EXERCISE BRIEF
Down to the last line, repeat the entries exactly.

[Caption-style text data]
^^^^

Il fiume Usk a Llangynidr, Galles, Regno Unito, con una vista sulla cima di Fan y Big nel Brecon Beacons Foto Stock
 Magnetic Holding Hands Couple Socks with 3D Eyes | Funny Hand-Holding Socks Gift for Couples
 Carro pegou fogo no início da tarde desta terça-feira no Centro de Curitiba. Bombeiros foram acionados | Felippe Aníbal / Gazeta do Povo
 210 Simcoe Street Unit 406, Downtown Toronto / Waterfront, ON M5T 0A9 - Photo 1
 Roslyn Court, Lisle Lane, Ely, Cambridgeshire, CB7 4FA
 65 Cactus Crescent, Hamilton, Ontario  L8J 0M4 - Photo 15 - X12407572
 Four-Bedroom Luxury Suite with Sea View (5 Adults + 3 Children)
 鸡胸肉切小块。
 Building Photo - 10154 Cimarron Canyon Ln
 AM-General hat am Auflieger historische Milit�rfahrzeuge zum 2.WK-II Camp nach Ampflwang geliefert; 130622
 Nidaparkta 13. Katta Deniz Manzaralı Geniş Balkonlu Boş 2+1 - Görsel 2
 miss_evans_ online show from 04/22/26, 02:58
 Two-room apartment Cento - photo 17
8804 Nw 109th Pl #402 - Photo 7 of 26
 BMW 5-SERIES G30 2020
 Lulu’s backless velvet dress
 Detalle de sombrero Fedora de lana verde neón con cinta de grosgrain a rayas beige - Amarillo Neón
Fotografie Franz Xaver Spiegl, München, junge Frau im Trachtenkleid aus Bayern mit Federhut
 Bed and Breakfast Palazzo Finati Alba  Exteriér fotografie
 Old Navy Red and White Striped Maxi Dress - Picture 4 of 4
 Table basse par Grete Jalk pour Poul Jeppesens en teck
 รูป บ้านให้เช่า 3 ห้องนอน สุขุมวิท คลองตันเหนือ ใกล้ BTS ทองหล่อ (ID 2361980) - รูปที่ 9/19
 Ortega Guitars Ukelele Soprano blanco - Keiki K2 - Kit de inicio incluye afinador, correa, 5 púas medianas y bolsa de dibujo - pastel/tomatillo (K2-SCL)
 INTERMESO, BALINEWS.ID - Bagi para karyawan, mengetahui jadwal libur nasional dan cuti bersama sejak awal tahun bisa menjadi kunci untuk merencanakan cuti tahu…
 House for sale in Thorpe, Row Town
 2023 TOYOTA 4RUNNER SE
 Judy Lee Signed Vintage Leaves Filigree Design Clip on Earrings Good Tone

^^^^

TASK RESPONSE
Il fiume Usk a Llangynidr, Galles, Regno Unito, con una vista sulla cima di Fan y Big nel Brecon Beacons Foto Stock
 Magnetic Holding Hands Couple Socks with 3D Eyes | Funny Hand-Holding Socks Gift for Couples
 Carro pegou fogo no início da tarde desta terça-feira no Centro de Curitiba. Bombeiros foram acionados | Felippe Aníbal / Gazeta do Povo
 210 Simcoe Street Unit 406, Downtown Toronto / Waterfront, ON M5T 0A9 - Photo 1
 Roslyn Court, Lisle Lane, Ely, Cambridgeshire, CB7 4FA
 65 Cactus Crescent, Hamilton, Ontario  L8J 0M4 - Photo 15 - X12407572
 Four-Bedroom Luxury Suite with Sea View (5 Adults + 3 Children)
 鸡胸肉切小块。
 Building Photo - 10154 Cimarron Canyon Ln
 AM-General hat am Auflieger historische Milit�rfahrzeuge zum 2.WK-II Camp nach Ampflwang geliefert; 130622
 Nidaparkta 13. Katta Deniz Manzaralı Geniş Balkonlu Boş 2+1 - Görsel 2
 miss_evans_ online show from 04/22/26, 02:58
 Two-room apartment Cento - photo 17
8804 Nw 109th Pl #402 - Photo 7 of 26
 BMW 5-SERIES G30 2020
 Lulu’s backless velvet dress
 Detalle de sombrero Fedora de lana verde neón con cinta de grosgrain a rayas beige - Amarillo Neón
Fotografie Franz Xaver Spiegl, München, junge Frau im Trachtenkleid aus Bayern mit Federhut
 Bed and Breakfast Palazzo Finati Alba  Exteriér fotografie
 Old Navy Red and White Striped Maxi Dress - Picture 4 of 4
 Table basse par Grete Jalk pour Poul Jeppesens en teck
 รูป บ้านให้เช่า 3 ห้องนอน สุขุมวิท คลองตันเหนือ ใกล้ BTS ทองหล่อ (ID 2361980) - รูปที่ 9/19
 Ortega Guitars Ukelele Soprano blanco - Keiki K2 - Kit de inicio incluye afinador, correa, 5 púas medianas y bolsa de dibujo - pastel/tomatillo (K2-SCL)
 INTERMESO, BALINEWS.ID - Bagi para karyawan, mengetahui jadwal libur nasional dan cuti bersama sejak awal tahun bisa menjadi kunci untuk merencanakan cuti tahu…
 House for sale in Thorpe, Row Town
 2023 TOYOTA 4RUNNER SE
 Judy Lee Signed Vintage Leaves Filigree Design Clip on Earrings Good Tone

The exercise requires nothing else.